TASK PROMPT
Only an exact copy of the lines from the one containing "Pear - Pomme" through the last line of the material below belongs in the answer, with no pictures.

INFORMATION PROVIDED

== == ==

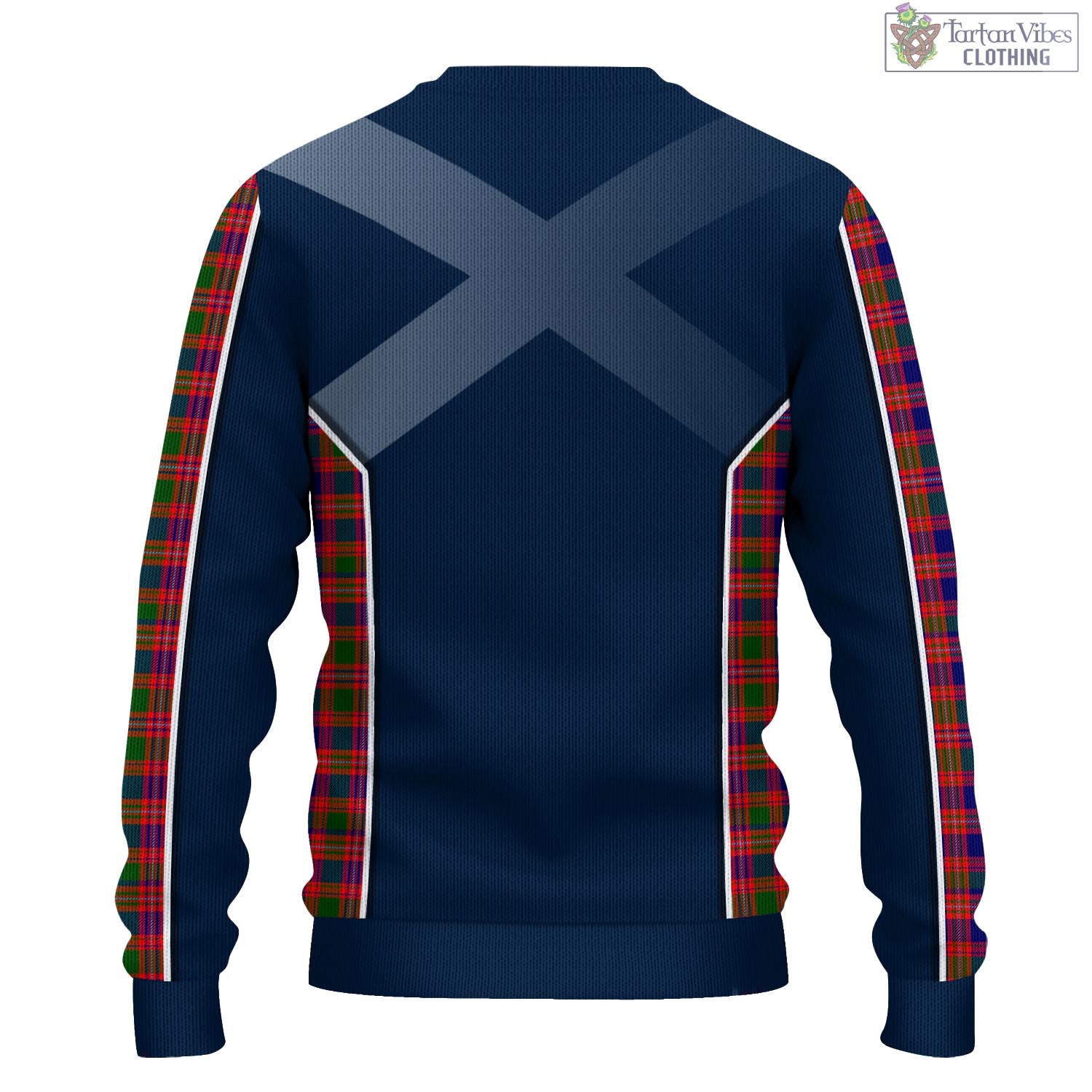 Tartan Vibes Clothing MacIntyre Modern Tartan Knitted Sweatshirt with Family Crest and Scottish Thistle Vibes Sport Style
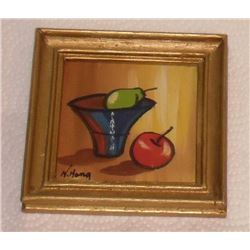 Small painting "Apple Pear - Pomme Poire" 4 x 4" - 5 1/4 x 5 1/4"  peinture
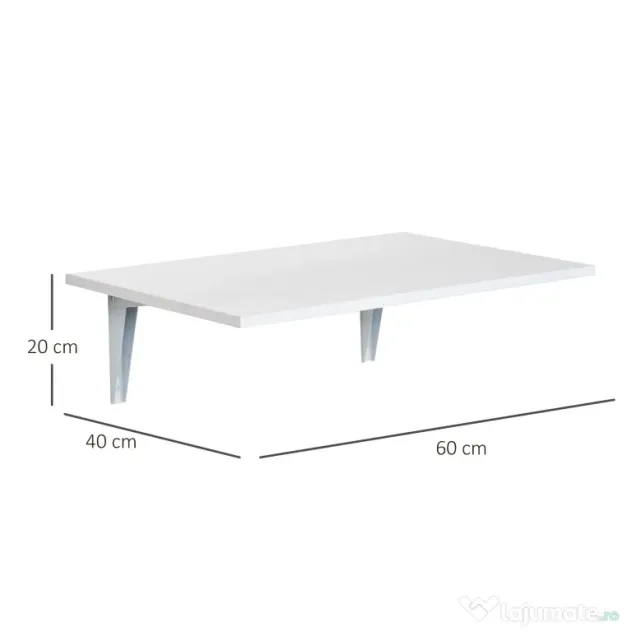 Homcom Masuta Perete Rabatabila – MDF & Metal, Ideala pentru Spatii Mici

== == ==

RESPONSE TO THE EXERCISE
 Small painting "Apple Pear - Pomme Poire" 4 x 4" - 5 1/4 x 5 1/4"  peinture
 Homcom Masuta Perete Rabatabila – MDF & Metal, Ideala pentru Spatii Mici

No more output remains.